Tesla owners themselves are voting with their keys. According to data published Thursday by car shopping site Edmunds, March represented “the highest ever share” of Tesla trade-ins toward new or used vehicles from other brands.

Jessica Caldwell, head of insights at Edmunds, observed: “As Tesla brand loyalty and interest wavers, those offering competitive pricing, new technology, or simply less controversy could capture defecting Tesla owners and first-time EV buyers.”

Despite these alarming fundamentals, retail investors have been aggressively buying Tesla stock during its decline. Data from JPMorgan shows positive net retail buying for 12 consecutive days, totaling $7.3 billion—the highest magnitude among all past “buying streaks” in over a decade.

Meanwhile, Tesla insiders have been heading for the exits. Since November, company insiders including board directors, the CFO, and Musk’s brother Kimbal have sold a combined $335.2 million of Tesla stock, mostly at prices between $300 and $400 per share. The stock traded at about $246 when this article was published.

The pattern raises questions about whether administration officials are helping Musk and other insiders offload shares to unsuspecting retail investors before the company’s expected poor first-quarter earnings.

Market analysts have noted a repeated pattern over the past two weeks: retail investors bid up Tesla’s price, followed by large institutional funds selling massive amounts of shares, dropping the price back down.

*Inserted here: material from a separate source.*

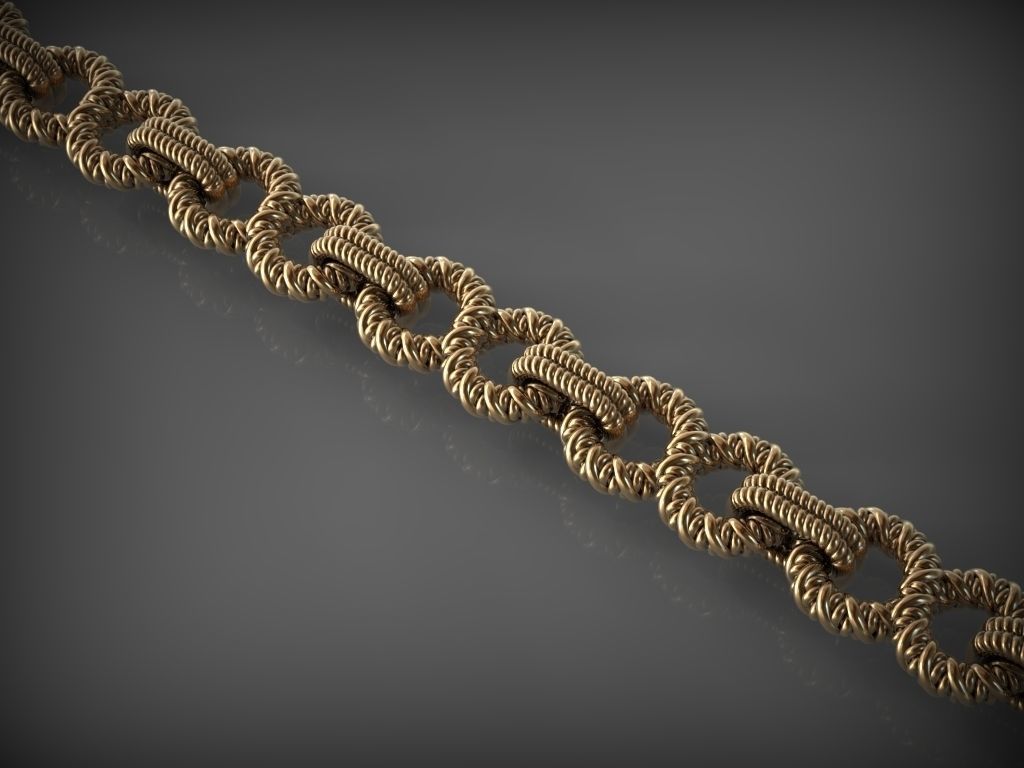 ligação 107 joalheria prata ouro 3d pulseira noivado casamento pulseiras homens mulheres jóia santayork babochka cafajeste imprimível colar colares correntes jóias 3D print model - Mito3D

The situation highlights the unprecedented conflicts of interest created by Musk’s dual role as both a government official and CEO of multiple public companies. Before assuming leadership of DOGE, Musk spent approximately $290 million last year to help propel Trump back to the White House.

The Tesla brand has suffered accordingly. Its brand value fell by 26%, or about $15 billion, in 2024—a second straight annual decline, according to research and consulting firm Brand Finance.

As the company prepares to release its first-quarter earnings, market experts warn that the results could further devastate Tesla’s stock price, leaving retail investors with heavy losses while insiders who sold at higher prices escape the worst of the damage.